Brown Bag Research Series
The Faculty of Business Administration's next session of its Brown Bag Research Series will feature presentations from Dr. Dianne Ford, Dr. Ian Glew and Ms. Nikki Norine.
Contingent Workers: Training and Job-related Attitudes
Dr. Dianne Ford, Associate Professor, Organizational Behaviour and Management Information Systems
Abstract: An exploratory study examined whether training is associated with employee attitudes (i.e., organizational commitment, job satisfaction and job engagement) for contingent workers as it is for permanent workers. This survey study indicates that the amount of training does not appear to impact these attitudes; however, the needs and managerial support of training are.
Tax Legislation, a Blunt Instrument: The Case of Income Trusts in Canada
Dr. Ian Glew, Assistant Professor, Finance
Abstract: The Canadian Income Trust was a tax innovation that allowed funds to flow through to investors, avoiding corporate level taxation. The companies that availed of the structure were mid-sized, mature, stable, 'cash cows' that could afford to pay steady distributions of income. The 2006 Tax Fairness legislation removed any advantage of such organizations by directly taxing 'non-portfolio earnings' of newly defined specified investment flow-through (SIFT) organizations. Market values of affected trusts dropped 20 per cent immediately, resulting in a loss of $27 billion dollars.
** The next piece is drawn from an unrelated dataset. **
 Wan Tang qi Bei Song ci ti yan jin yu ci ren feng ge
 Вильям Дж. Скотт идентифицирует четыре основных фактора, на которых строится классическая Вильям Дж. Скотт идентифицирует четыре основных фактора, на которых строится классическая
Private purchases totaling $16 billion followed in 2007-2008. Remaining trusts converted to corporations by the end of 2010, but only a fraction of the expected taxes were recovered, as management reorganized operations to adjust taxable cash flows. This paper describes the outcomes of the policy decision.
Strange Bedfellows: How Collaboration with Environmental Non-Governmental Organizations Impacts Firms Framing of the Climate Change Issue
Nikki Norine, PhD student, Faculty of Business Administration
Abstract: In this paper we examine how the level of engagement with external stakeholders, specifically environmental non-governmental organizations (ENGOs), affects how firms frame the climate change issue. Using a multiple-case study approach, we study four oil and gas companies: two that engage in collaborative initiatives with ENGOs and two that do not, and examine how their framing of climate change differs. Our findings indicate that companies that engage in collaborative initiatives with ENGOs tend to frame the climate change issue in a broad way while those that do not engage in collaborative efforts tend to frame the climate change issue in a narrow way. We discuss the implications of this broad and narrow framing for research on environmental issue framing and on stakeholder engagement.